Ook daar heeft de wetgever iets voor bedacht. In het geval sprake is van een tijdelijke huurovereenkomst op basis van de Wet doorstroming huurmarkt 2015, dan kan de huurder de aanvangshuur laten toetsen tot zes maanden na het eindigen van de tijdelijke huurovereenkomst. Dus zowel in het geval dat de huurder mag blijven, als in het geval dat de huurder moet vertrekken. Als hij mag blijven eindigt de tijdelijke huurovereenkomst immers ook en wordt de huurovereenkomst opgevolgd door een nieuwe overeenkomst voor onbepaalde tijd.
Conclusie
Het voorgaande kan grote gevolgen hebben. Als blijkt dat de huurder twee jaar lang te veel huur heeft betaald, zal de huurder na vaststelling van de huur door de Huurcommissie de te veel betaalde huur kunnen terugvorderen. Daarnaast zit de verhuurder voor de toekomst vast aan een huurder die voor onbepaalde tijd een lagere huur betaalt dan oorspronkelijk is overeengekomen. Dat kan een forse dip in het rendement van de verhuurder betekenen. Ten slotte is de verhuurder in de toekomst gebonden aan de regels van het niet-geliberaliseerde regime zolang de huurder in de woning blijft.

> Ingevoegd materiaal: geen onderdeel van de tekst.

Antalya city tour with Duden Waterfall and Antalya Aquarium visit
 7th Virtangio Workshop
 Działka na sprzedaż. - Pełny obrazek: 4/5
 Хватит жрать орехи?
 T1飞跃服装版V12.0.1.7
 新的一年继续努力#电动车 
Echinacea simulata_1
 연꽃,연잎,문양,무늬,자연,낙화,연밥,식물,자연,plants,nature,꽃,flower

Veel verhuurders houden geen rekening met de mogelijkheid van toetsing van de aanvangshuur na het einde van de tijdelijke huurovereenkomst. Dat komt waarschijnlijk doordat het nog een relatief jonge wettelijke regeling is. Een verhuurder die vermoedt dat de huurder de aanvangshuur na afloop van de tijdelijke huurovereenkomst wil laten toetsen (en verwacht dat de huur op een lager niveau zal worden vastgesteld), doet er verstandig aan de huurovereenkomst na het einde van de tijdelijke huurovereenkomst niet te verlengen. Dat zal de huurder er weliswaar niet van weerhouden de aanvangshuur te laten toetsen, maar de verhuurder kan op die manier wel voorkomen voor onbepaalde tijd gebonden te zijn aan de lagere huur en de regels van de sociale woninghuur. De verhuurder kan zijn geluk beter beproeven bij een nieuwe huurder in de hoop dat de nieuwe huurder de hoogte van de huur niet ter discussie zal stellen.